La caridad, es, en primer lugar, según el diccionario del español, una de las tres grandes virtudes teologales de los cristianos, que nos hacen participar de la misma vida divina. Es una virtud que se opone a la envidia y a la enemistad. Derivadamente, se llama caridad a la limosna o al servicio gratuito que se presta a los necesitados; más en general, a la solidaridad que compadece y pone remedio, o al menos alivio, al sufrimiento ajeno. Y sucede que estos sentidos derivados, que tienen que ver con la beneficencia, con algo que se da un poco de dinero, de ropa, de tiempo, etc., con frecuencia se han adueñado de la caridad hasta ocultar su sentido genuino, que es precisamente el que da el sentido a todos los demás.

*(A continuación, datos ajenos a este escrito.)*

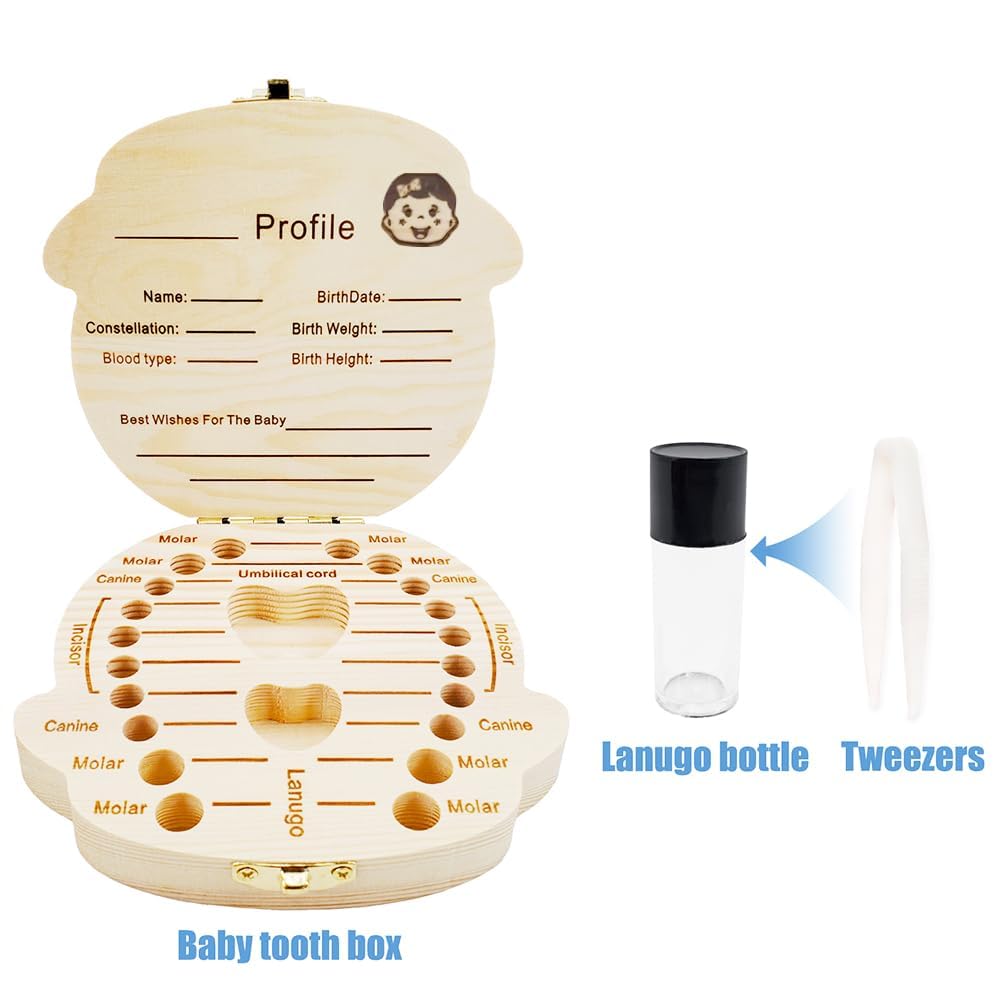 PAMBO Baby Tooth Box Keepsake for Girls 1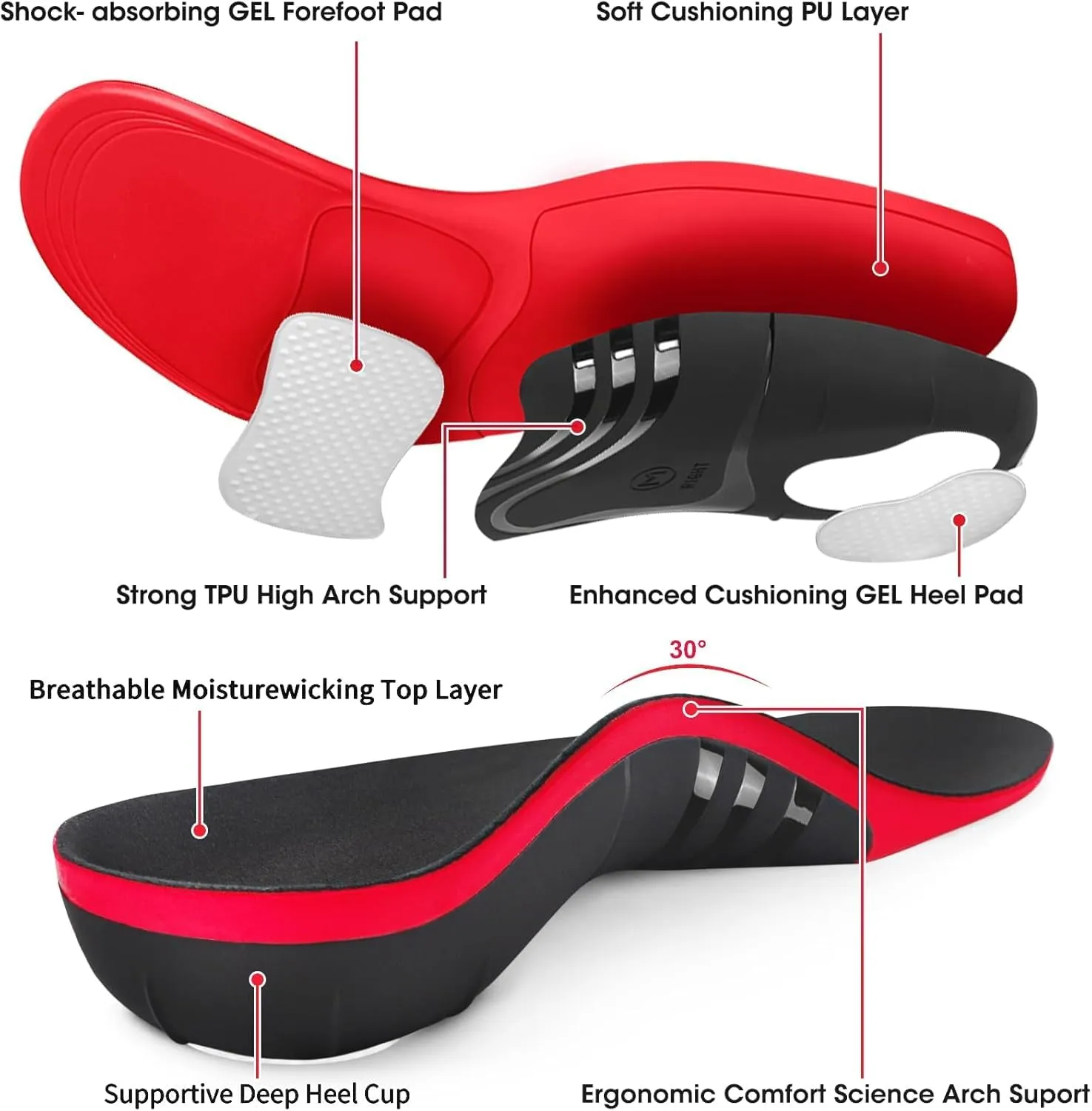 Plantar Fasciitis Insoles, 220  lbs High Arch Support Inserts for Men Women, Heavy Duty Flat Feet Pain Relief Orthotic Running Athletic Work Boot Insoles for Standing All Day-Black S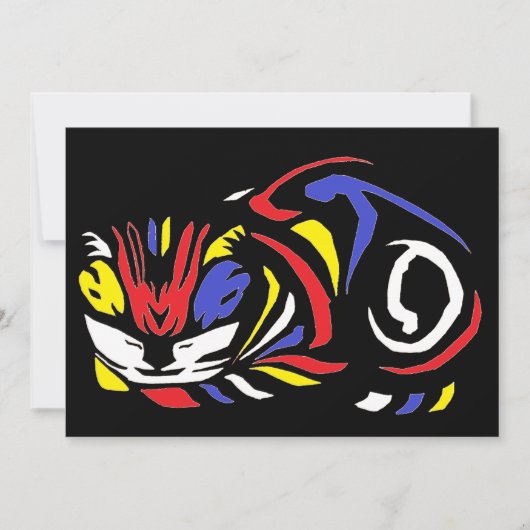 ジュリエ・デ・グラーフの多色木版画 猫 シーズンカード (正面)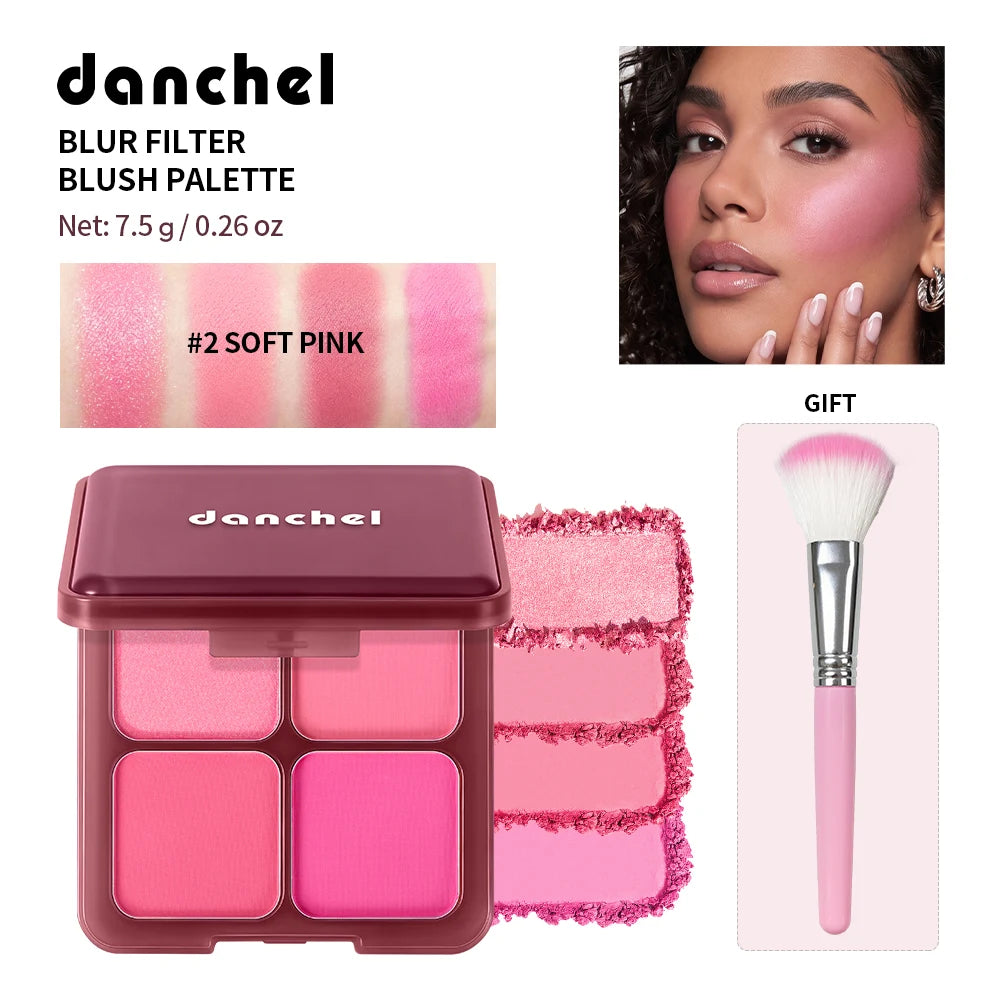 4-Color Matte Pigmented Blush Palette with Brush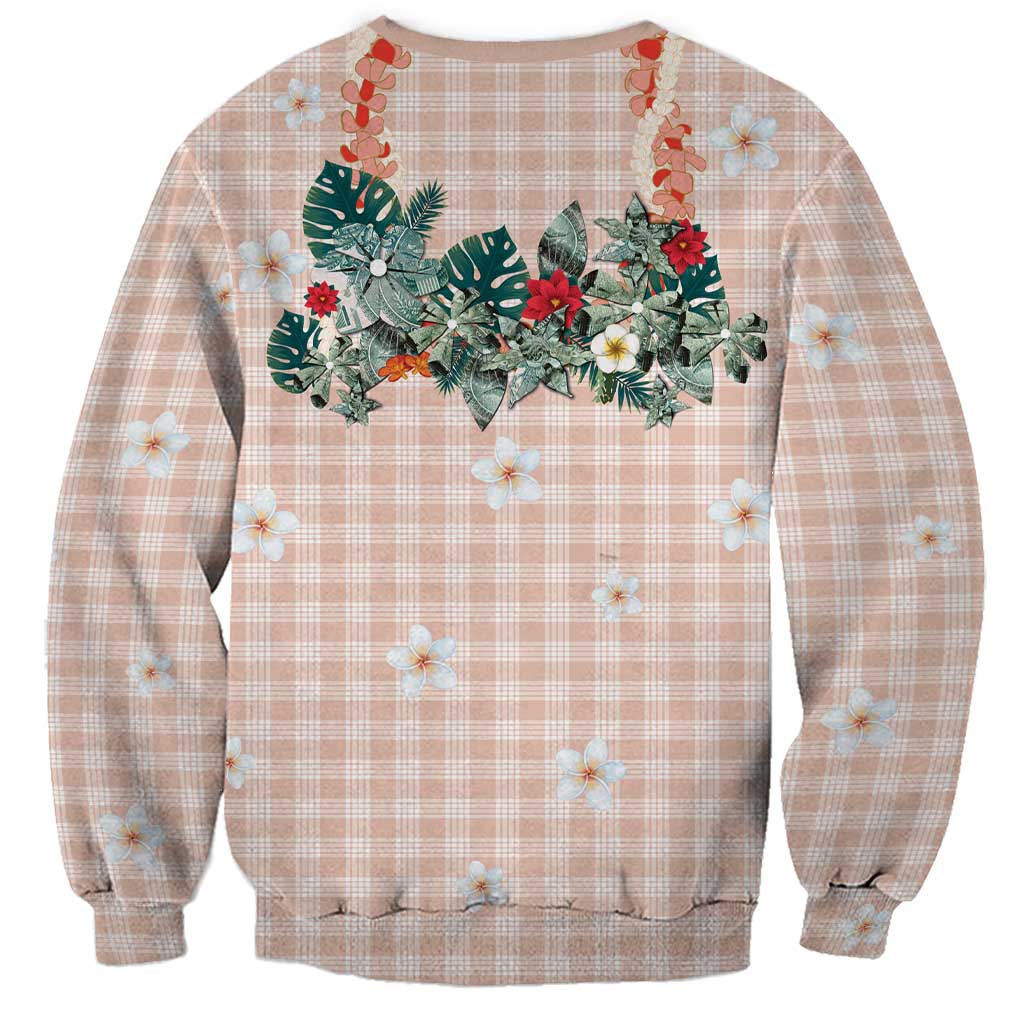 Peach Hawaiian Palaka Sweatshirt Kukui Nut Money Lei - Polynesian Pride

La tercera encíclica de Benedicto XVI traza el marco de la caridad en la verdad para el desarrollo humano integral. Esa caridad en la verdad la ha realizado plenamente en el mundo Cristo, y al fundar su Iglesia le confió la misión de llevarla a cabo hasta el final de los tiempos.
La misión de la Iglesia consiste en servir a la verdad que libera: a Dios y al mundo en términos de amor y verdad; y, como consecuencia, ponerse al servicio del desarrollo humano integral, concretamente promoviendo la fraternidad universal. Esto lo comparte con muchas personas que trabajan por la promoción humana; pero la Iglesia al hacerlo dispone de una tradición que abre ese servicio a la plenitud de la verdad y a la plenitud del bien.
De Pablo VI toma la Caritas in veritate la perspectiva del desarrollo como vocación de la persona y de la humanidad. La verdad del desarrollo en palabras de Benedicto XVI consiste en su totalidad: si no es de todo el hombre y de todos los hombres, no es verdadero desarrollo. De una parte el desarrollo humano integral, ya en el orden natural, pide la apertura de la persona al Dios vivo y transcendente; y con ello la apertura al orden sobrenatural de la gracia, de la amistad con Dios. Al mismo tiempo, el desarrollo humano integral como vocación pide que su centro sea la caridad; pues, como ya decía Pablo VI, la causa más importante del subdesarrollo es la falta de fraternidad entre los hombres y entre los pueblos, de esa auténtica fraternidad cuyo germen es la Iglesia.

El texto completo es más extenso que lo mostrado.